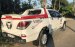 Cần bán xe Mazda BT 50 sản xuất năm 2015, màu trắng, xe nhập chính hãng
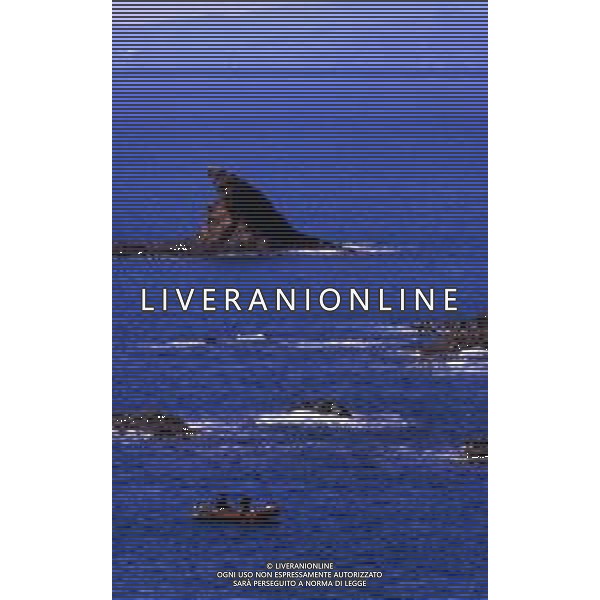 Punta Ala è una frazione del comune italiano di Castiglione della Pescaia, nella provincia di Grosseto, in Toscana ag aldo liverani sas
▬▬▬
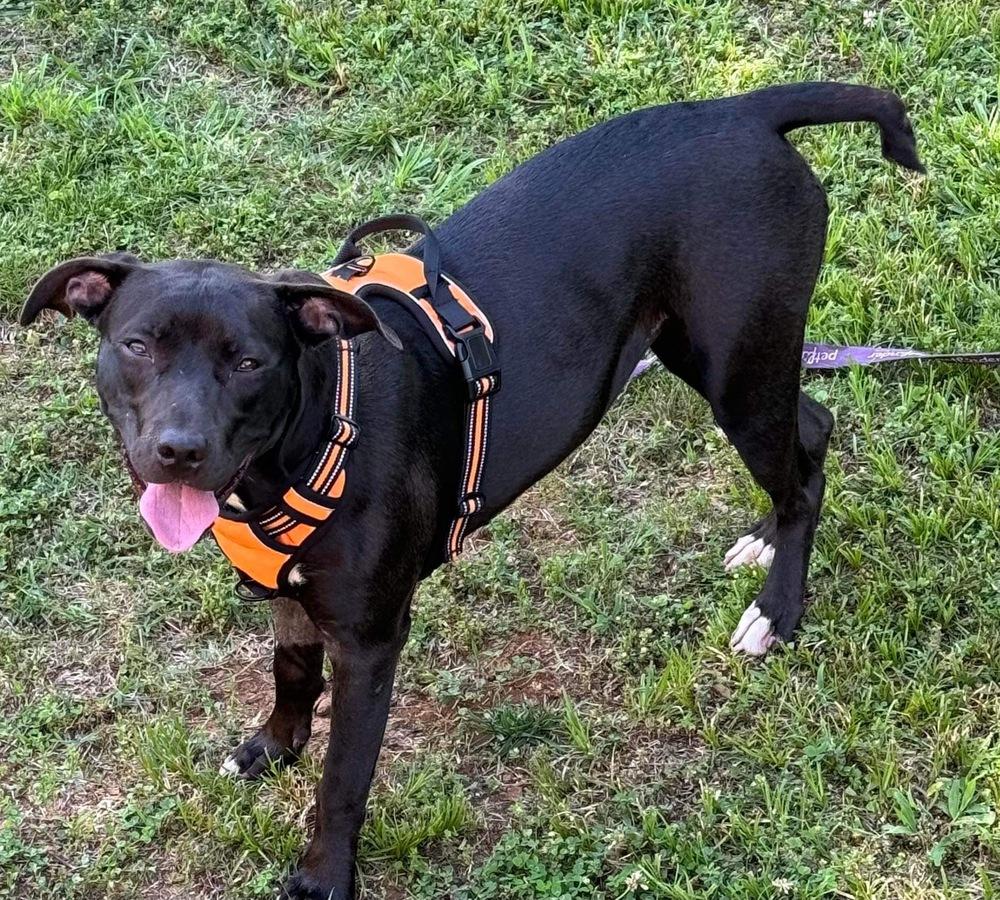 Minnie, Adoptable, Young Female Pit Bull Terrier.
▬▬▬
### [What is being asked]
From the records above, quote word for word only the lines beginning at the line that has "Cần bán xe Mazda" and stopping after the line that has "Punta Ala è". Omit the pictures.

### [The answer]
 Cần bán xe Mazda BT 50 sản xuất năm 2015, màu trắng, xe nhập chính hãng
 Punta Ala è una frazione del comune italiano di Castiglione della Pescaia, nella provincia di Grosseto, in Toscana ag aldo liverani sas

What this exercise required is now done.